The GMAT is an entrance exam used by graduate business and management schools to make admissions decisions. Some programs also use GMAT results in awarding merit scholarships.
The old version of the GMAT is available until January 31, 2024. It includes:
Verbal Reasoning – multiple choice reading comprehension, critical reasoning, and sentence correction
Quantitative Reasoning – multiple choice and data sufficiency math questions on a variety of topics, including geometry
Integrated Reasoning – synthesizing, evaluating, manipulating, and organizing data to solve problems. This section is scored on a scale of 1-8 and does not count towards the overall GMAT score
Analytical Writing Assessment – an essay analyzing an argument. This assessment is scored separately and does not count towards the overall GMAT score.

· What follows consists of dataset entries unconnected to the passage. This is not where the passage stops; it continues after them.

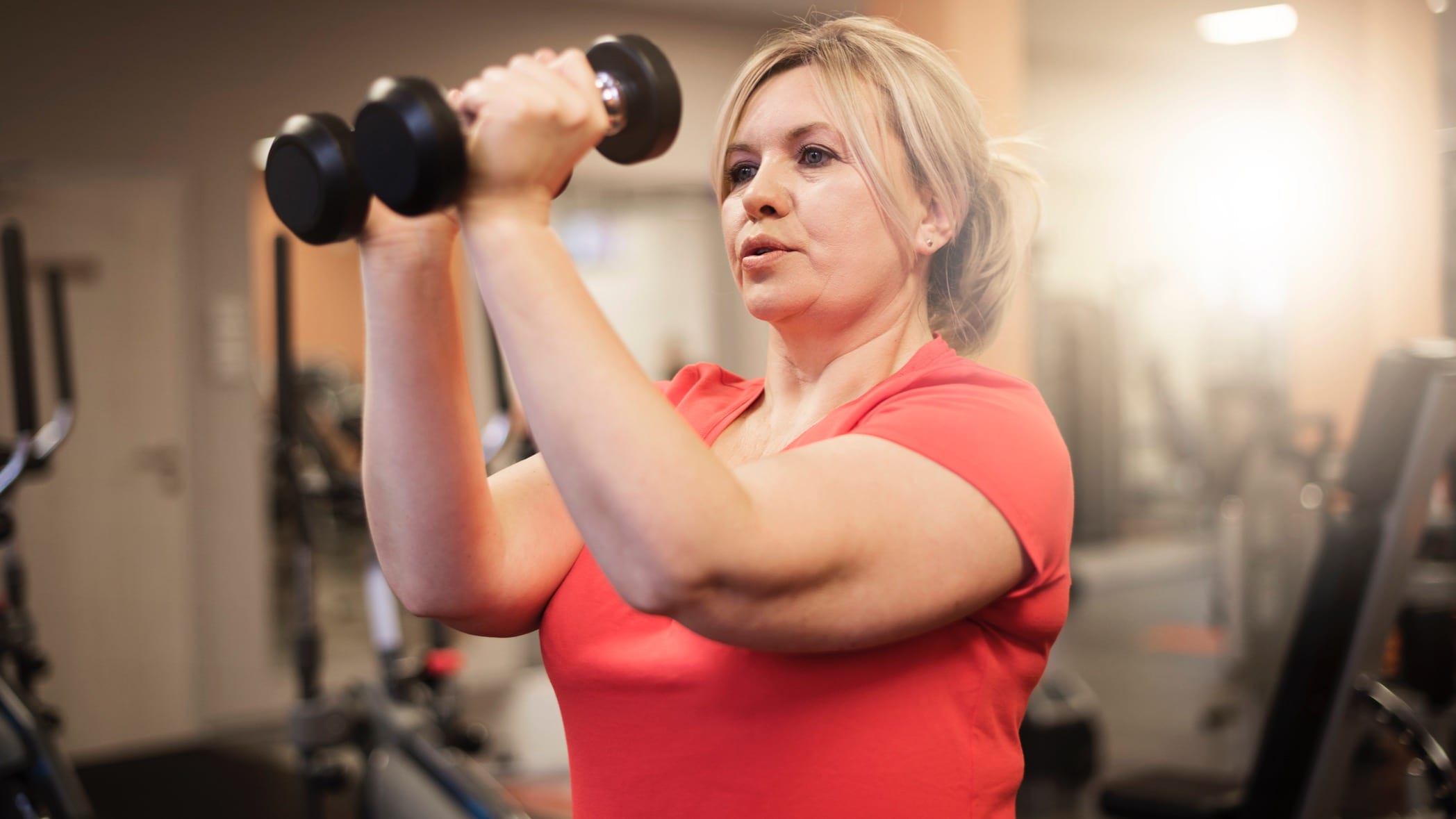Wellness Wednesday – HiRIT Offers Older Women Hope for Building Bones
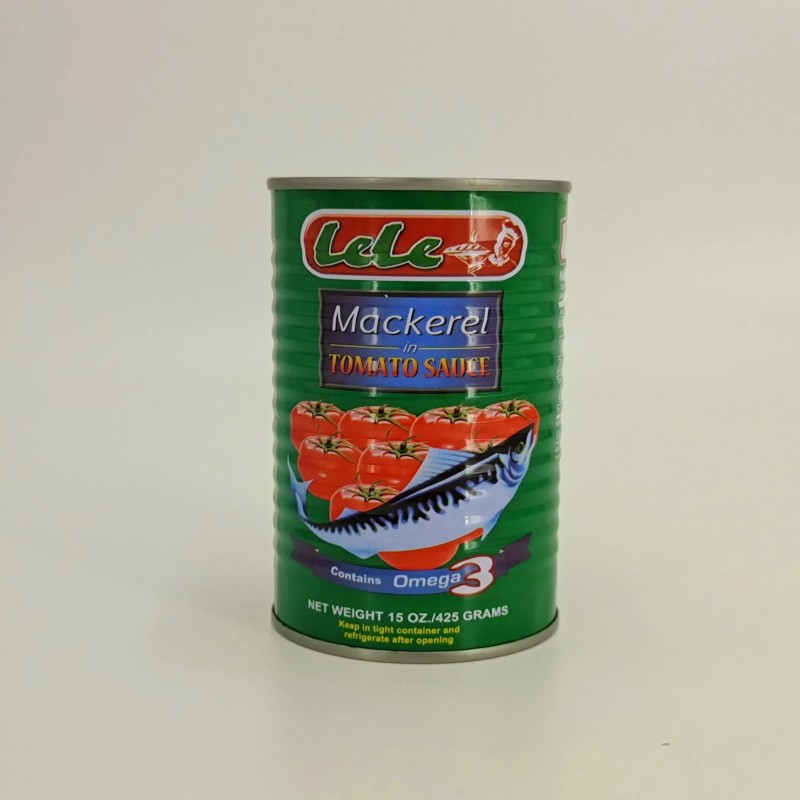 Pacific Mackerel Canned Food Fish Mackerel Prices 425gx24tinsno Mackerel Supplier in China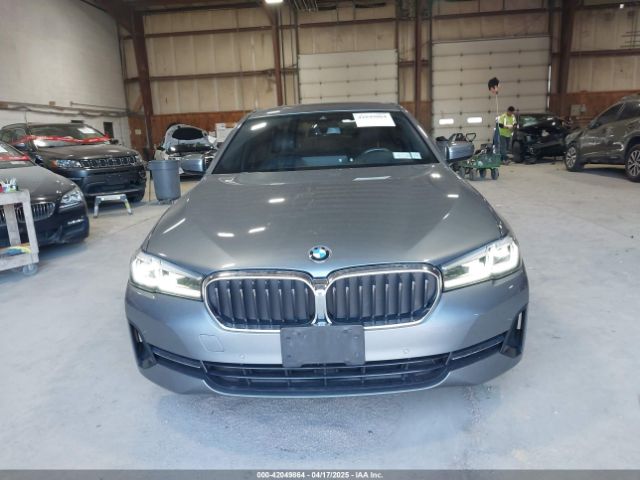 WBA13BJ09MWX01402 BMW 530i Xdrive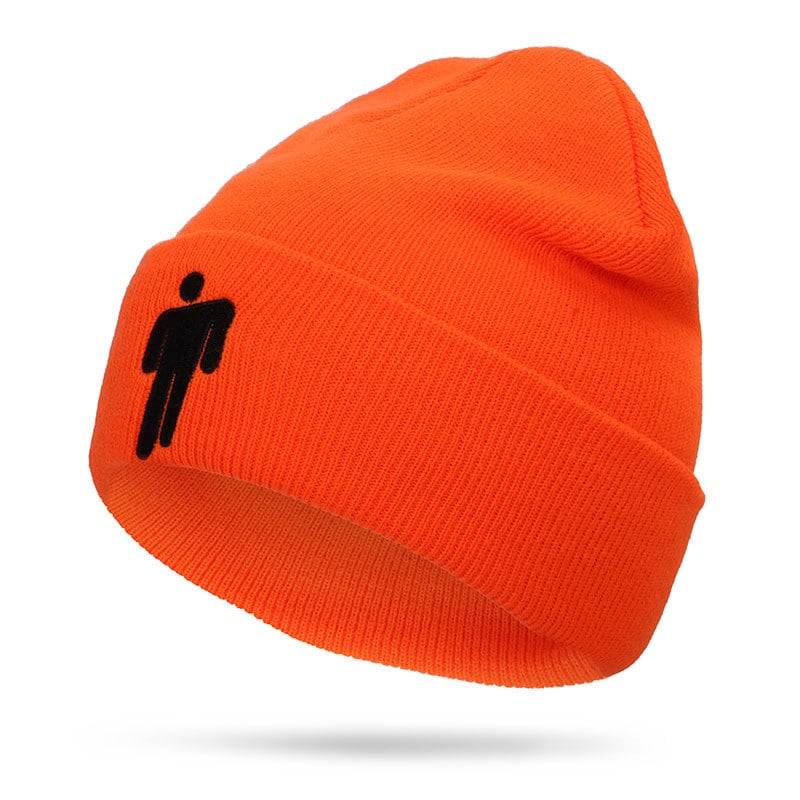 Unisex Knitted Pullover Hip Hop Hat Image 1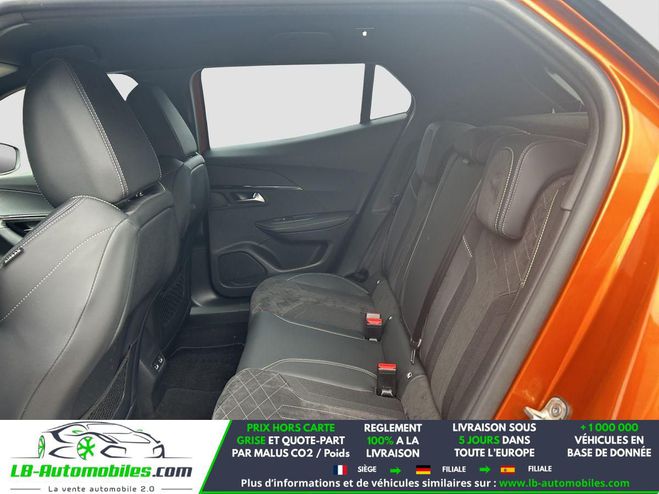 Peugeot 2008 PureTech 155  BVA Orange M�tallique de 2022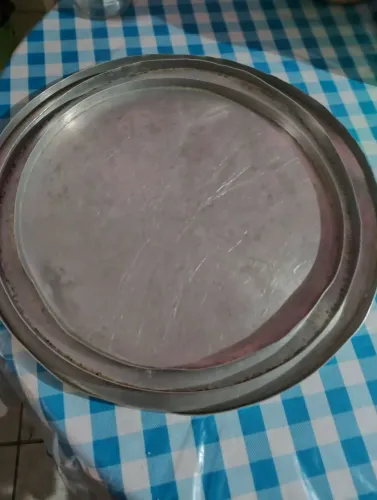 Kit formas de pizza 
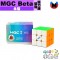 永駿 - 3x3x3 - MGC3 Beta 基礎磁力版 霧面 (贈小丸油)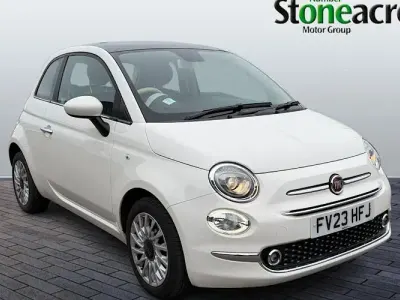 Used Fiat 500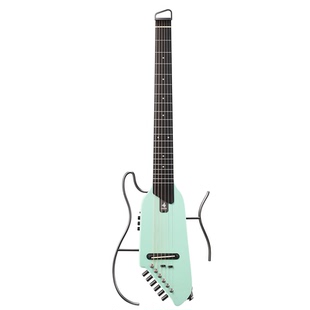 donner唐农静音民谣吉他HUSH I Pro旅行便携智能吉他【趣弹吉他】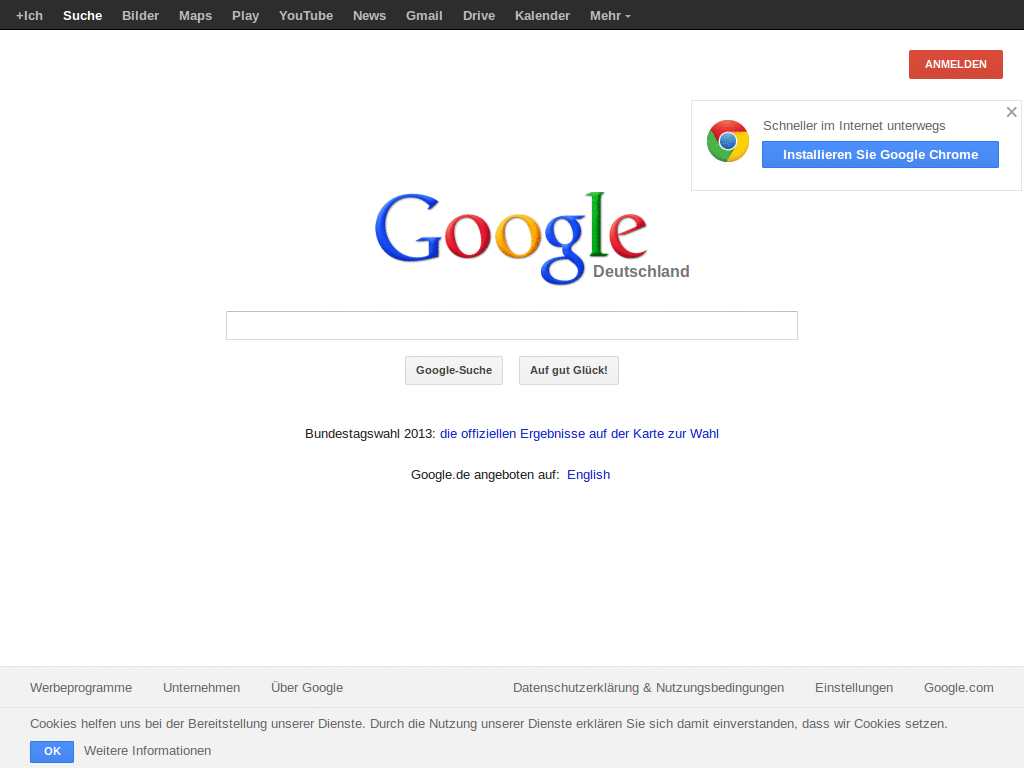 Google.de Doodle-remover (removes Google-logos)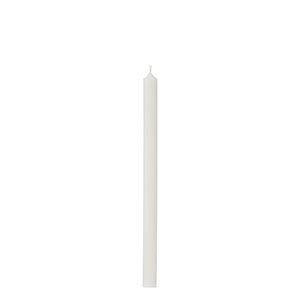 Stabkerze CELIA | Weiss Ø: 1.3 cm
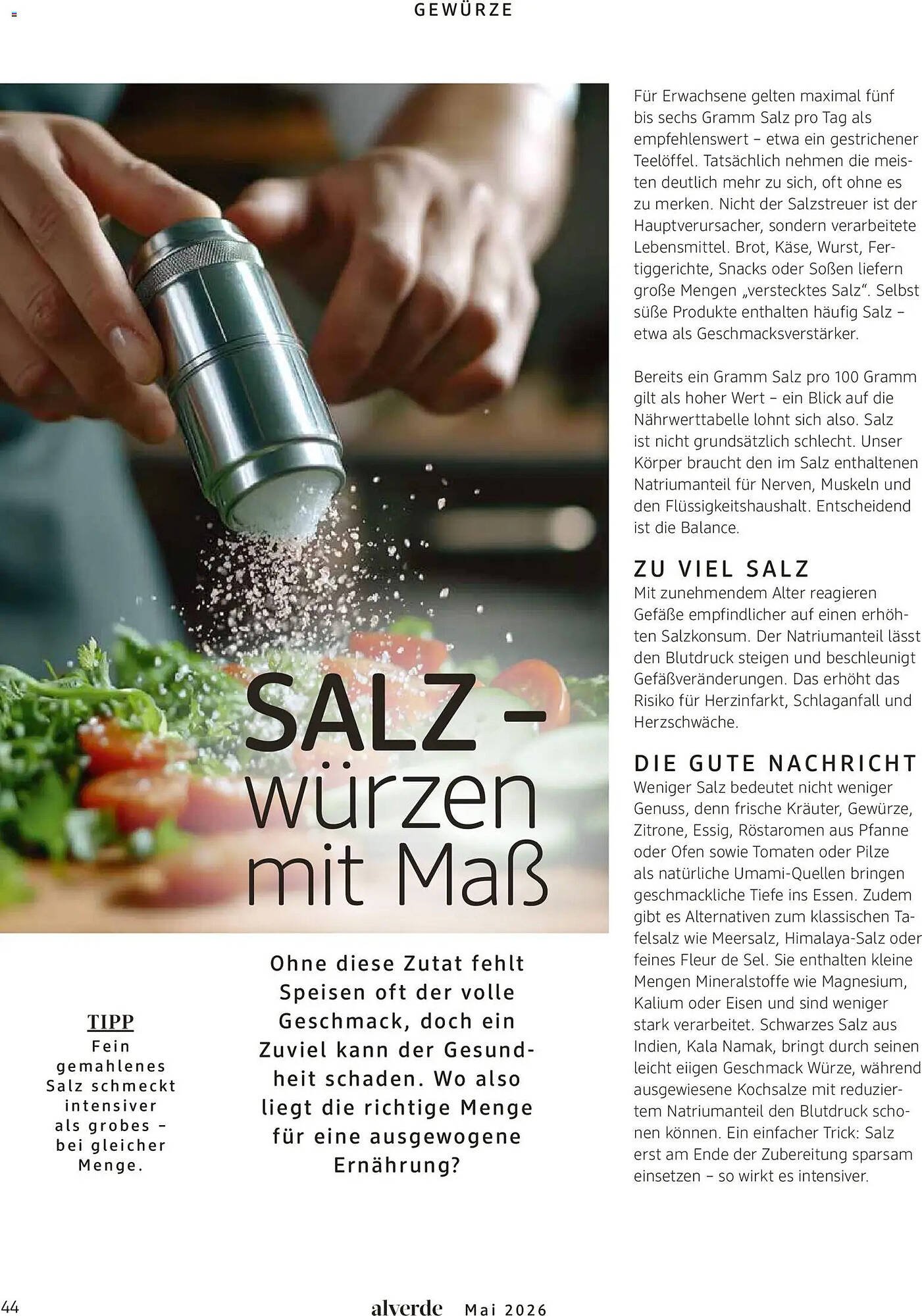 Dm drogerie Magazin (2026-05-01 - 2026-05-31)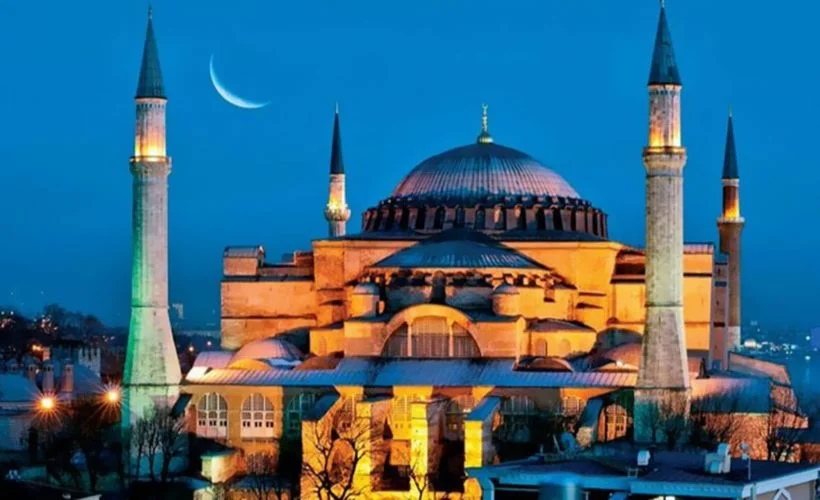 Ayasofya imarethanesi yeniden faaliyete geçecek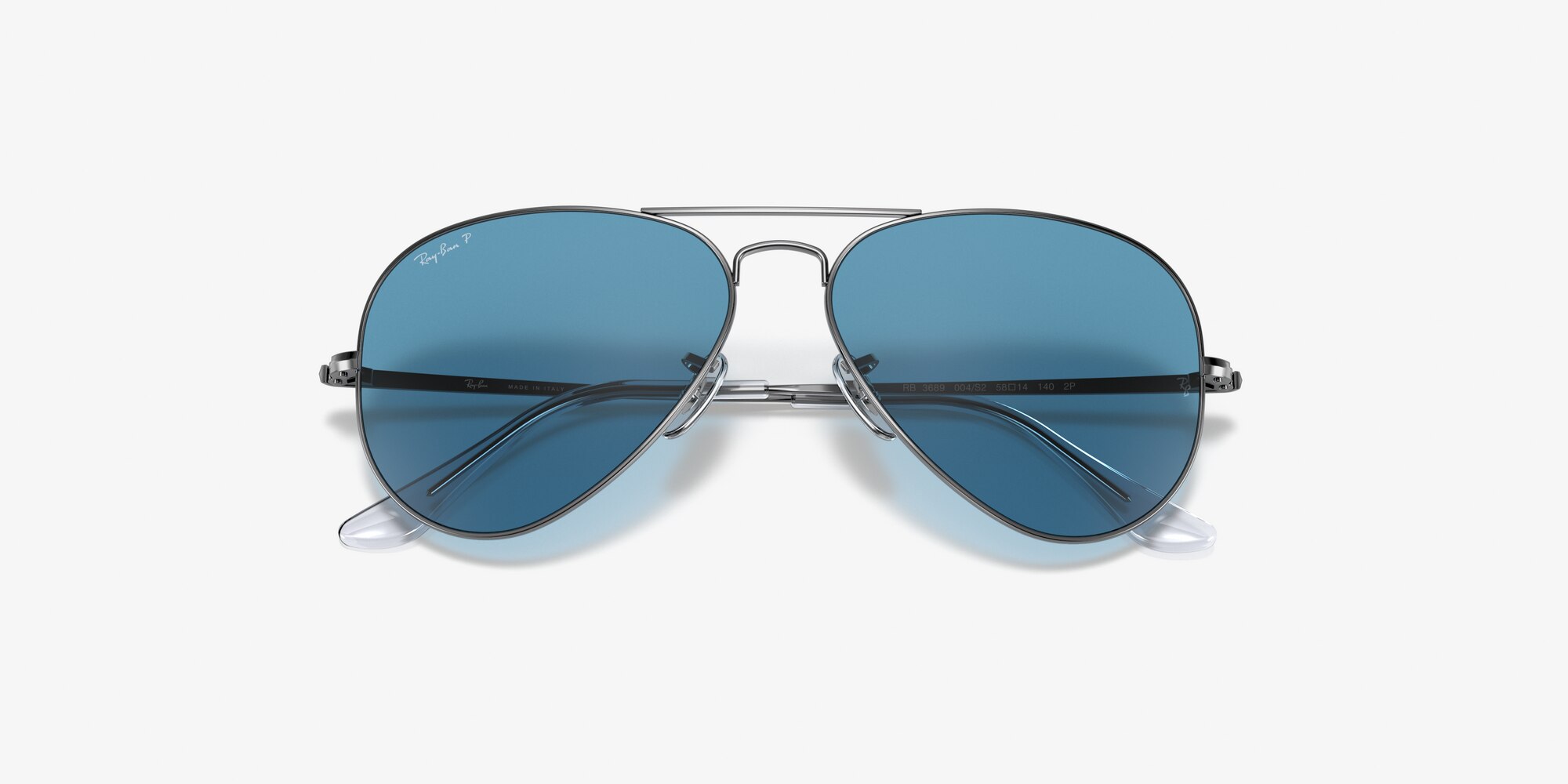 ray ban aviator verre polarisé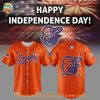 Baltimore Orioles MLB Armed Forces Day Night 2025 Baseball Jersey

The GMAT Focus Edition launched on November 7, 2023, and will completely replace the old GMAT after January 31, 2024
- Verbal Reasoning – multiple choice reading comprehension and critical reasoning. Sentence correction has been eliminated
- Quantitative Reasoning – multiple choice math questions on a variety of topics, but no longer including geometry. Data sufficiency questions have been moved to the new Data Insights section
- Data Insights – a combination of the old Integrated Reasoning section (synthesizing, evaluating, manipulating, and organizing data to solve problems) and the data sufficiency questions from the old Quantitative Reasoning section
- The Focus Edition no longer includes the Analytical Writing Assessment.
Taking the GMAT
The GMAT is a computer-based test given almost every day throughout the year. Unofficial test scores are available immediately upon completion of the test. Official scores are usually available a week later.
Ways to Take GMAT
Students may take a computer-based test at home, proctored by a live, remote proctor. This option is available every day, around the clock.
At a Test Center
Students may take a computer-based test at a digital testing center seven days a week.
The GMAT Requires Students to Apply Their Knowledge to New Situations
Taking the GMAT is not the same experience for students as taking tests in school. Classroom teachers prepare their students for material-based testing. The GMAT requires students to apply their knowledge to new situations and new types of questions.
Preparing for and taking the test can be stressful for students, so it is important for parents to be encouraging and positive.
Our tutoring program is also designed to reduce students’
stress by showing them how to approach the different kinds of questions and giving them lots of practice while working with a tutor in a caring, supportive
The GMAT is an adaptive test: as a student answers questions correctly, questions get harder; as a student answers incorrectly, questions get easier. Adaptivity allows the exam to tailor the difficulty level to match each student’s skill level and thereby calculate a score based on fewer questions.
The score is each section is based on both the number answered correctly and the difficulty of the questions.
There is no penalty for guessing on the GMAT; a blank answer and an incorrect answer have the same effect on the score, so a student should answer all questions.
On the old version of the GMAT, students receive a score from 6 to 51 on the Verbal Reasoning and Quantitative Reasoning sections. The composite score ranging from 200 to 800 is calculated based on those two scores. Students receive separate scores on the Analytical Writing Assessment (0 to 6) and the Integrated Reasoning (1 to 8).
On the new Focus Edition of the GMAT, students receive a score from 60 to 90 on the Verbal Reasoning, Quantitative Reasoning, and Data Insights sections. The composite score ranging from 205 to 805 is calculated based on those three scores.
Scores on the old GMAT and the Focus Edition cannot be compared directly because the scales are very different. GMAC has published a concordance table that shows equivalent scores on the two versions of the exam.